Farming Simulator 22: not farming

Nicholas’s current great interest is Farming Simulator 22, after he has seen a fair few videos on YouTube talking about the array of machinery you can drive around. He has been keen to get me involved in a multiplayer game, and after weeks of putting it off, here we are.

It took us 20 minutes to get a game set up, mainly because he’s installed all sorts of mods and DLC onto his Steam game, which aren’t available on the Xbox (or, in some cases, I hadn’t installed them), meaning our games were incompatible. We worked out what we needed to do in the end, and so I entered the farm with some trepidation over exactly which crops I’d be harvesting or sowing or watering or whatnot.

I needn’t have worried. This wasn’t a simulation of farming, it was a simulation of driving around a town in big expensive machines, blocking roads, turning other vehicles over, and generally causing havoc. The farm we inherited had large fields of sunflowers and wheat, which were wrecked as two large tractors had a (slow) race through them. An irrigation machine with large arms was used to block roads. Combine harvesters pushed over quad bikes.

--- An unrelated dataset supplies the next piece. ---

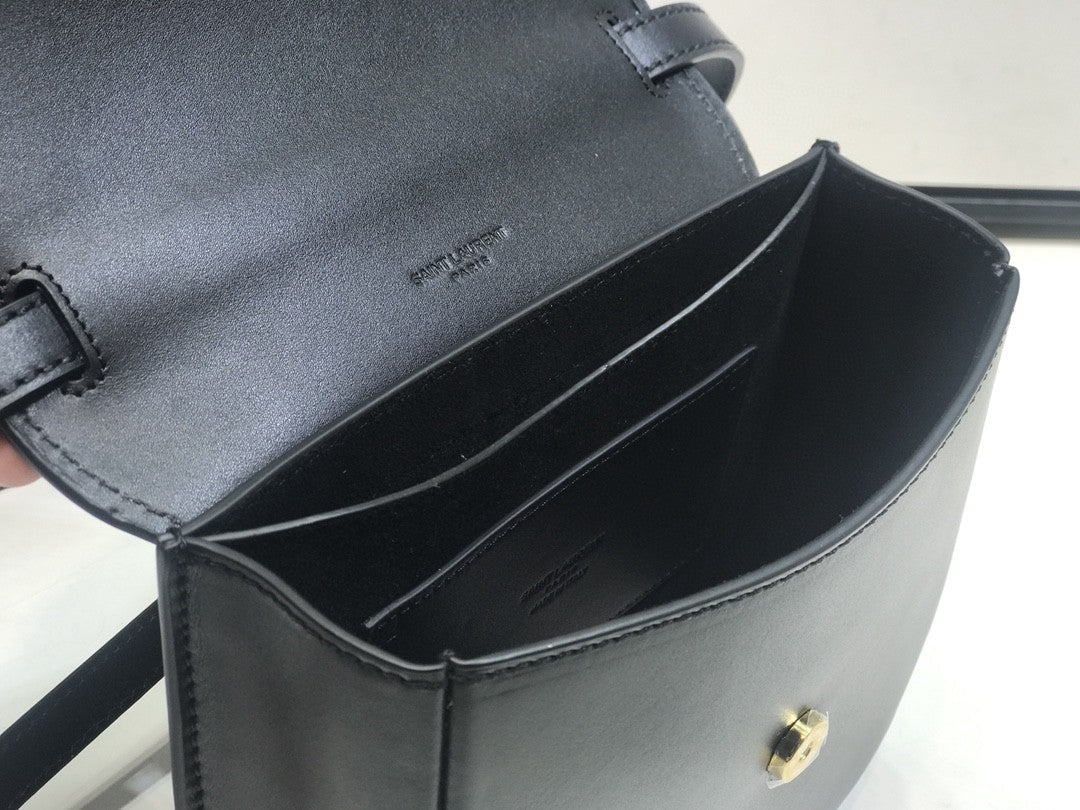 GLAMI Kaia MeGLAMIum Shoulder Bag Black For Women 8.5in/22cm YSL P00483797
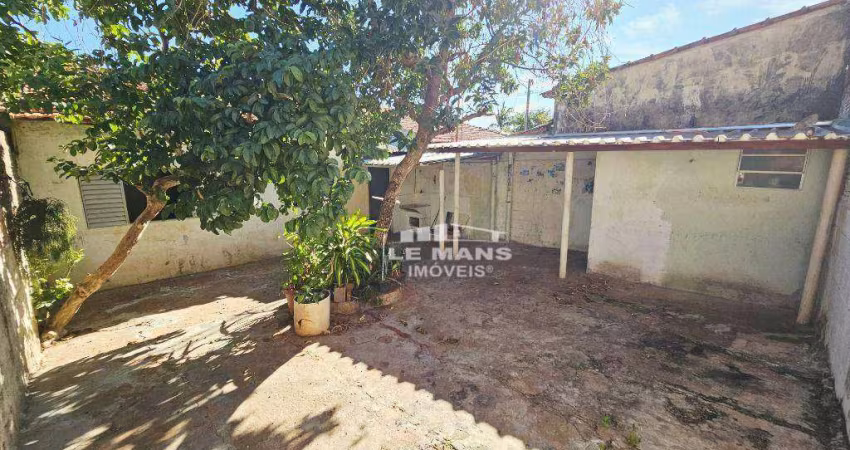 Casa a venda, 3 quartos, 2 vagas no Parque Primeiro de Maio em Piracicaba - SP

We parked a few vehicles on the train tracks, not expecting a train to come past. For some reason vehicles clip straight through your avatar, but interact directly with other vehicles. We found that there was a large beetroot-picking machine balanced on top of a house.

It’s all a bit silly. I asked Nicholas if we could actually try harvesting the sunflowers, and he tried to buy the right equipment and it still didn’t work. So he concreted over the field instead, so we had more space to park vehicles. As long as I don’t drive more of them into the river.